Mushrooms are not plants or animals, they are a separate kingdom. Those mushrooms that we collect and eat are only a small part of a large living organism. The basis is mycelium. This is a living body, as if woven from thin threads. The mycelium is usually hidden in the soil or other nutrient substance, and can spread hundreds of meters. It is invisible until the body of the fungus develops on it, whether it be a chanterelle, a toadstool or a “bird’s nest”.
In the 1960s mushrooms were classified as fungi (lat. – fungi). This family also includes yeasts, myxomycetes, and some other related organisms.
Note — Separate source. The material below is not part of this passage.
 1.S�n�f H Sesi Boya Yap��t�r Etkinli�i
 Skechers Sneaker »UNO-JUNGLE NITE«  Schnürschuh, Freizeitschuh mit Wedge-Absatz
An estimated 1,5 to 2 million species of fungi grow on Earth, and only 80 of them have been properly identified. Theoretically, for 1 type of green plant, there are 6 types of mushrooms.
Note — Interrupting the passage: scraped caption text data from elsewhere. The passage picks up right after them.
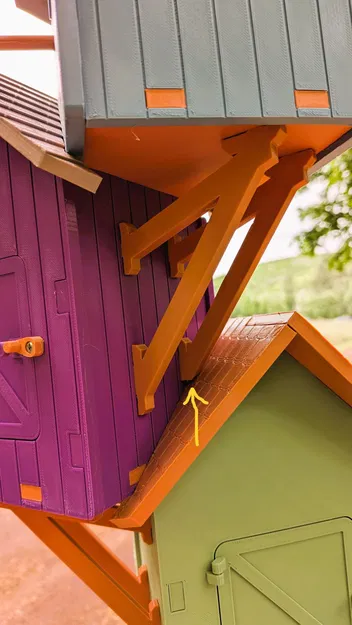 Nhà chim ba tầng không cần hỗ trợ! Cải tiến! - Image 9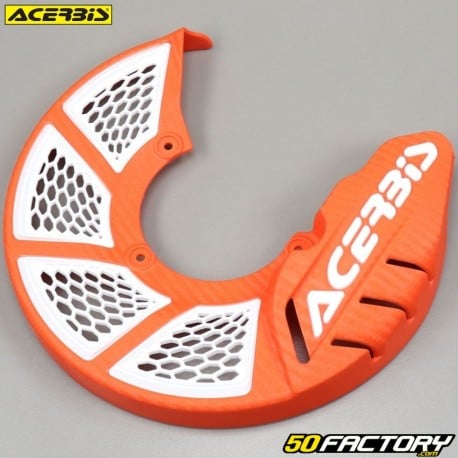 245mm front brake disc protector Acerbis X-Brake 2.0 orange and white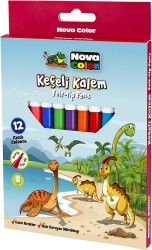 Nova Color Keçeli Kalem 12 Li NC-871 - Nova Color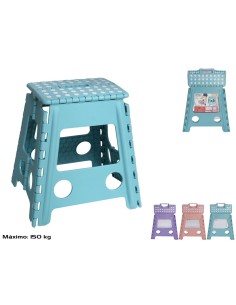 TABURETE PLEGABLE 40CM /150KG FLORA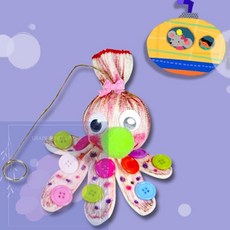 GS 요요문어장갑인형만들기 DIY키트, 1개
In some ways mushrooms are closer to animalsthan to plants. Like us, they breathe in oxygen and breathe out carbon dioxide. Mushroom protein is similar to animal protein.
Mushrooms grow from disputeand not seeds. One mature mushroom produces as many as 16 billion spores!
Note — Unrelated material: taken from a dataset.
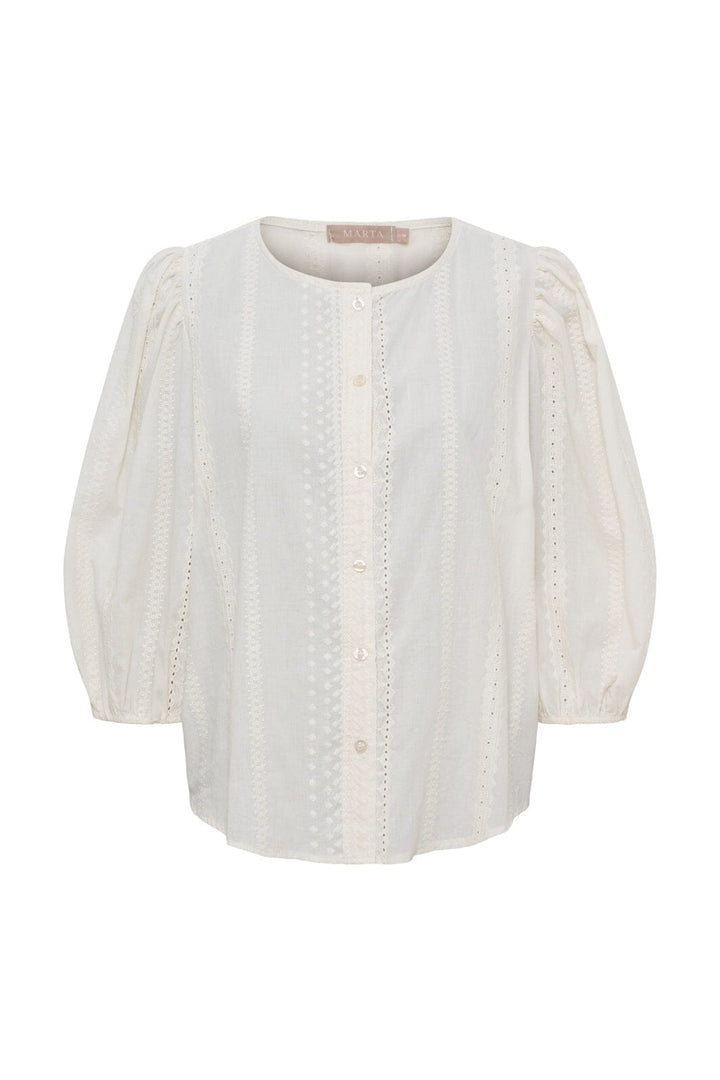 Marta Du Chateau - Mdcvalessia Blouse 58136M - Creme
Hieroglyphs found in the tombs of the pharaohs indicate that the Egyptians considered mushrooms “plant of immortality”. At that time, only members of royal families could eat mushrooms; commoners were forbidden to eat these fruits.
In the language of some South American tribes, mushrooms and meat are denoted by the same word, considering them to be nutritionally equivalent.
The ancient Romans called mushrooms “food of the gods”.
In Chinese folk medicine, mushrooms have been used for thousands of years to treat a variety of ailments. Western science is now beginning to use the medically active compounds found in mushrooms. Penicillin and streptomycin are examples of potent antibioticsderived from mushrooms. Other antibacterial and antiviral compounds are also found in this kingdom.
Mushrooms are considered strong immunomodulators. They help fight asthma, allergies, arthritis and other diseases. This property of mushrooms is currently being actively investigated by Western physicians, although the healing properties of fungi can be spread much more widely.
Just like humans, mushrooms produce vitamin D when exposed to sunlight and ultraviolet radiation. The latter is used in the industrial cultivation of mushrooms. For example, a serving of mitaki contains 85% of the recommended daily intake of vitamin D. Today, much attention is paid to the deficiency of this vitamin, which is associated with many diseases, including cancer.
Source of niacin
Source of selenium, fiber, potassium, vitamins B1 and B2
Does not contain cholesterol
Low in calories, fat and sodium
And it is also a real gift of nature, nutritious, tasty, good in any form and loved by many gourmets.